News | May 20, 1998

Merger Mania Prompts New Look At Conventional Management Wisdom

The recent surge in merger activity is prompting business leaders to question some long-standing beliefs. George Bailey, the global director of Watson Wyatt Worldwide's Human Capital Group, has developed a list of what he believes to be old myths and today's realities, which these mergers have brought to light.

According to Bailey, Myth #1 is, "Employees are resistant to change, and will prefer to maintain the status quo." In reality, he says, almost half of high-performing companies in a recent study conducted by his firm say change has a positive effect on employee satisfaction. Employees more often than not understand reasons for change and know the steps that need to be taken. The only problem, they say, is that companies are not soliciting and acting upon employee suggestions in this area.

Watson Wyatt's 1997 WorkUSA study of 9,144 working Americans indicates the vast majority of employees understand their company's goals (83 percent) and their own job responsibilities (87 percent), but few are given the skills (43 percent) and information (38 percent) needed to achieve those goals.

Myth #2, according to Bailey, is, "The more training you give employees, the better your company's stock will perform." The reality is, employees at high-performing companies actually had just two-thirds as many hours of training annually (30 v. 45 hours at other companies), according to a recent Watson Wyatt survey. Bailey points out that companies need to realize employees don't learn and grow by placing a check mark in the "Training Completed" column. Although training can play an important role, employees respond to real on-the-job experience, mentoring, and other more hands-on programs.

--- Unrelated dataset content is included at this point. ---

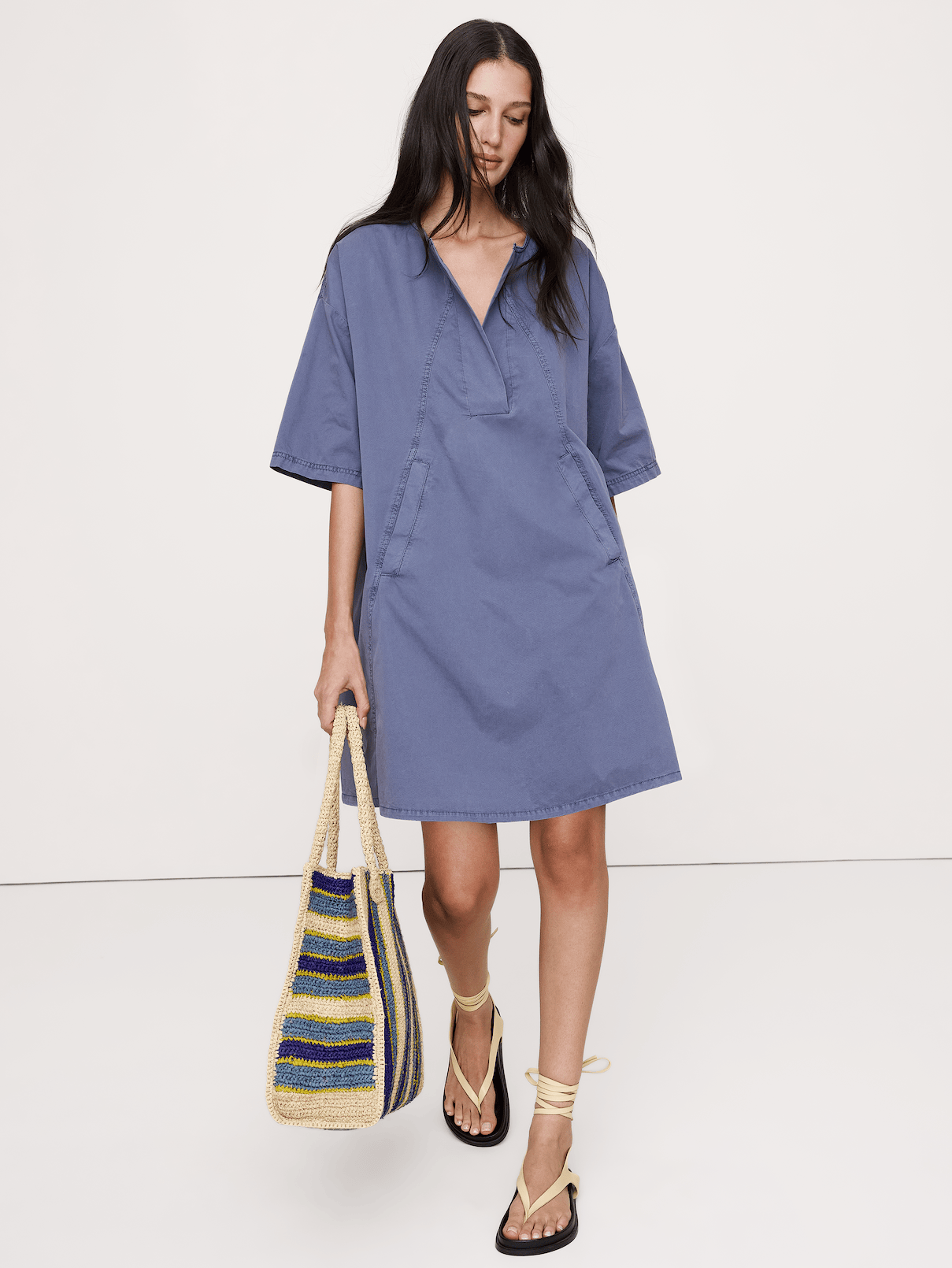 Cotton-Twill Pocket Mini Dress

Bailey's Myth #3 is "The more visionaries a company hires, the more successful it will be." Wrong again. According to Watson Wyatt research, the majority of high-performing companies actually have fewer employees who are characterized as visionaries.

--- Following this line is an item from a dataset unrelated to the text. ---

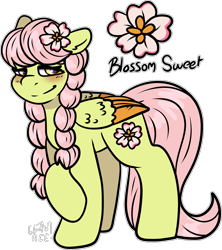 Size: 1650x1855 | Tagged: safe, artist:sexygoatgod, derpibooru import, oc, oc only, oc:blossom sweet, pegasus, adoptable, female, magical lesbian spawn, offspring, parent:fluttershy, parent:granny smith, parents:grannyshy, simple background, solo, transparent background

Instead of focusing on the hiring and retention of so-called visionaries, companies need to look to the key drivers of success, such as fostering innovation among all employees.

The fourth Myth is, "A good financial match makes for a successful merger." Although Wall Street has applauded the recent mega-mergers, the reality is that companies cannot simply be pushed together without carefully analyzing the people side of the equation. In fact, research indicates that 80 percent of mergers that fail do so because of people issues, and 75 percent of managers in an acquired company leave in three years, Bailey notes.

Myth #5: "People issues are "soft" issues." Bailey says that, increasingly, human capital issues define the success of corporations. How else to explain a company like Microsoft with assets of only $14 billion, but a market capitalization of over $170 billion? The reason Microsoft is so highly valued by the market is because its people continue to create great products. Instead of being confined to the realm of HR, people issues need to be linked directly to the company's overall strategy.